▶ [WHAT IS EXPECTED] Please output exactly the lines from the one that holds "Luxury Smart Aquarium" through the final line of the data, and nothing else; leave out any pictures.

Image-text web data
-- -- --
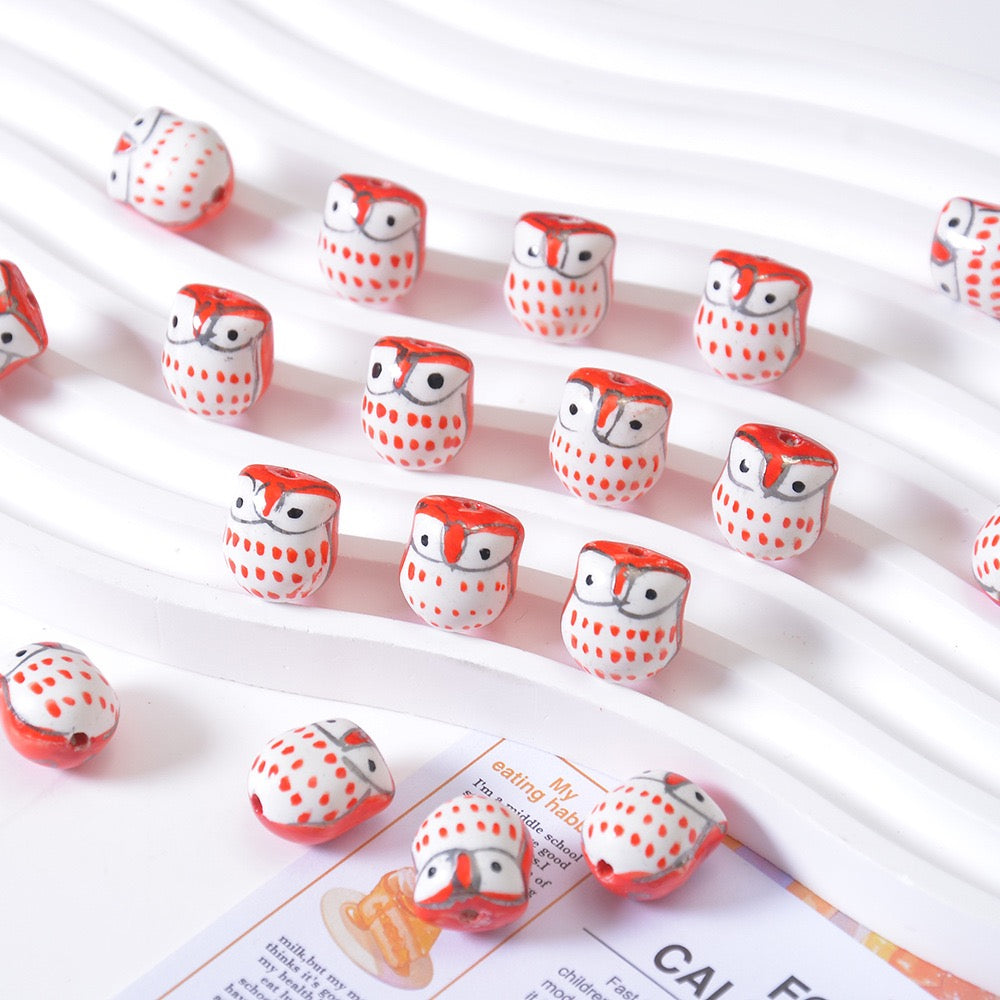 Ceramic hand-painted animal owl bearable beads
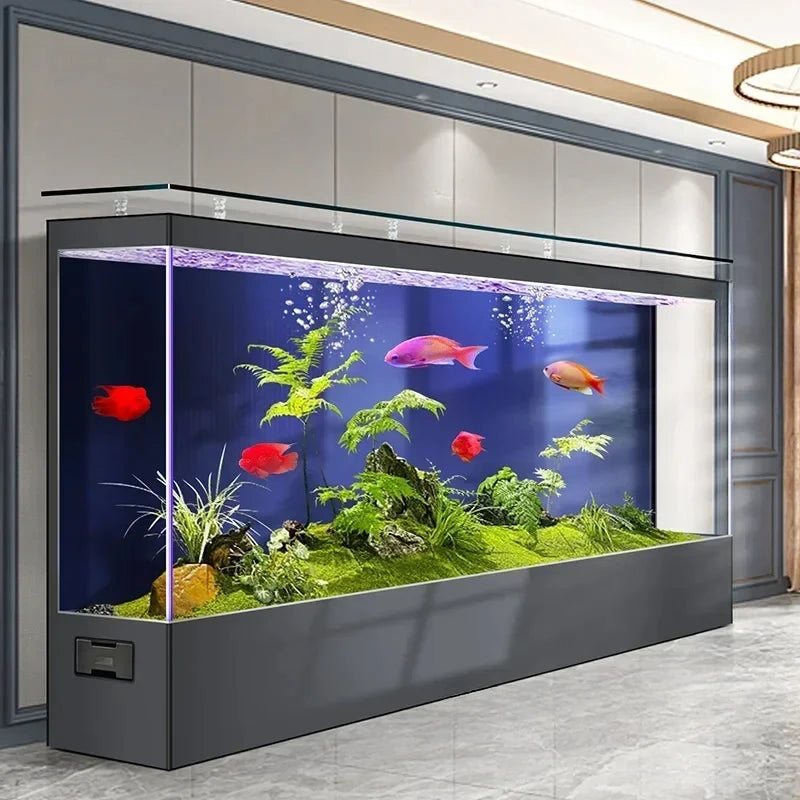 Luxury Smart Aquarium – Ultra-Clear Glass Fish Tank with Multilayer Filtration, RGB Lighting, Smart Display & One-Touch Drainage (Multiple Sizes & Colors)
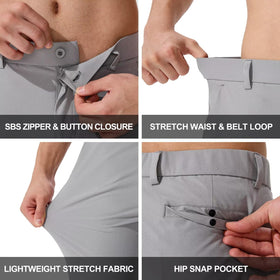 QPNGRP men's golf pants stretch waistband enabling easy movement.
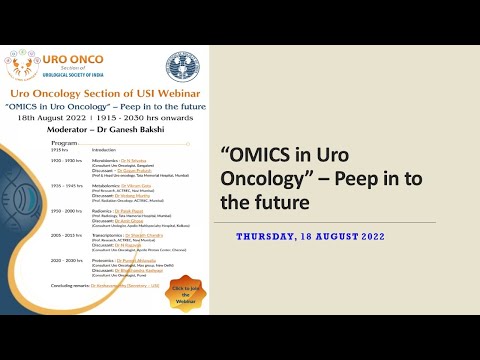 USI Uro Oncology Section Webinar - 18th August 2022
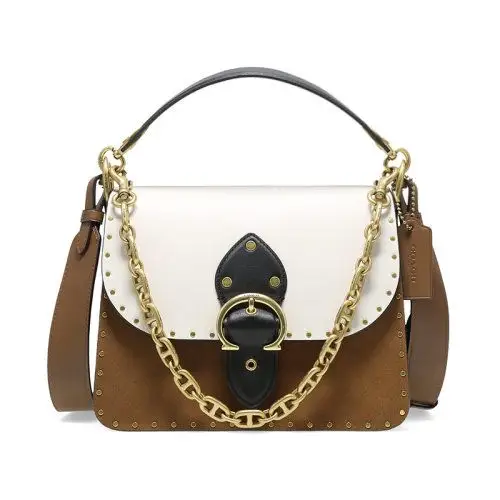 【国内现货】【2021新款】coach/蔻驰 女士优雅单肩斜挎手提包 牛皮革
-- -- --
▶ [SOLUTION TO THE EXERCISE]
 Luxury Smart Aquarium – Ultra-Clear Glass Fish Tank with Multilayer Filtration, RGB Lighting, Smart Display & One-Touch Drainage (Multiple Sizes & Colors)
 QPNGRP men's golf pants stretch waistband enabling easy movement.
 USI Uro Oncology Section Webinar - 18th August 2022
 【国内现货】【2021新款】coach/蔻驰 女士优雅单肩斜挎手提包 牛皮革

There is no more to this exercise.